• Provided data:
#####

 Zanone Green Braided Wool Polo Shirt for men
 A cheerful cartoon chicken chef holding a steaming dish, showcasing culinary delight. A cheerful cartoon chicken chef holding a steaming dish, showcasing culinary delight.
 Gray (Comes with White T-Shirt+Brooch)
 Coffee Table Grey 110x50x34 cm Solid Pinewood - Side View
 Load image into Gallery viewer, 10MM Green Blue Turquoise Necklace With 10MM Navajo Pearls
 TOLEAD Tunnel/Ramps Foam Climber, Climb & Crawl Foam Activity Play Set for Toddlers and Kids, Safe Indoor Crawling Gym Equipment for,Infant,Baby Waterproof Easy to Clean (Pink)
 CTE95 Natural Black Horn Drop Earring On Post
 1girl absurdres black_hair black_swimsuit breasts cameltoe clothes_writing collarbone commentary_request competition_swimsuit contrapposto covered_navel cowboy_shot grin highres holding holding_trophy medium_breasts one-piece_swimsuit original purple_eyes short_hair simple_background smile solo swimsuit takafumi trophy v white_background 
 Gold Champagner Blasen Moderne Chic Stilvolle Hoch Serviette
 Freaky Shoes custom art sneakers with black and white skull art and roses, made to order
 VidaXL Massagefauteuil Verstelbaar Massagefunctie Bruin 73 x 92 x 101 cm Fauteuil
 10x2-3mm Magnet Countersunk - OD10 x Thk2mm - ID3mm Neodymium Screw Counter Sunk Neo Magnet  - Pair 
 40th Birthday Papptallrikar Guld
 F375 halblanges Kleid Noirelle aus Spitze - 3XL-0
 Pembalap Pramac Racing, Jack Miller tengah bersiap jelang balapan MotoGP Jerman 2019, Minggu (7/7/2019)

#####

• Task prompt:
Everything from the first line of the entries above through the line with "VidaXL Massagefauteuil Verstelbaar" is to be reproduced exactly, and nothing else.

• Answer:
 Zanone Green Braided Wool Polo Shirt for men
 A cheerful cartoon chicken chef holding a steaming dish, showcasing culinary delight. A cheerful cartoon chicken chef holding a steaming dish, showcasing culinary delight.
 Gray (Comes with White T-Shirt+Brooch)
 Coffee Table Grey 110x50x34 cm Solid Pinewood - Side View
 Load image into Gallery viewer, 10MM Green Blue Turquoise Necklace With 10MM Navajo Pearls
 TOLEAD Tunnel/Ramps Foam Climber, Climb & Crawl Foam Activity Play Set for Toddlers and Kids, Safe Indoor Crawling Gym Equipment for,Infant,Baby Waterproof Easy to Clean (Pink)
 CTE95 Natural Black Horn Drop Earring On Post
 1girl absurdres black_hair black_swimsuit breasts cameltoe clothes_writing collarbone commentary_request competition_swimsuit contrapposto covered_navel cowboy_shot grin highres holding holding_trophy medium_breasts one-piece_swimsuit original purple_eyes short_hair simple_background smile solo swimsuit takafumi trophy v white_background 
 Gold Champagner Blasen Moderne Chic Stilvolle Hoch Serviette
 Freaky Shoes custom art sneakers with black and white skull art and roses, made to order
 VidaXL Massagefauteuil Verstelbaar Massagefunctie Bruin 73 x 92 x 101 cm Fauteuil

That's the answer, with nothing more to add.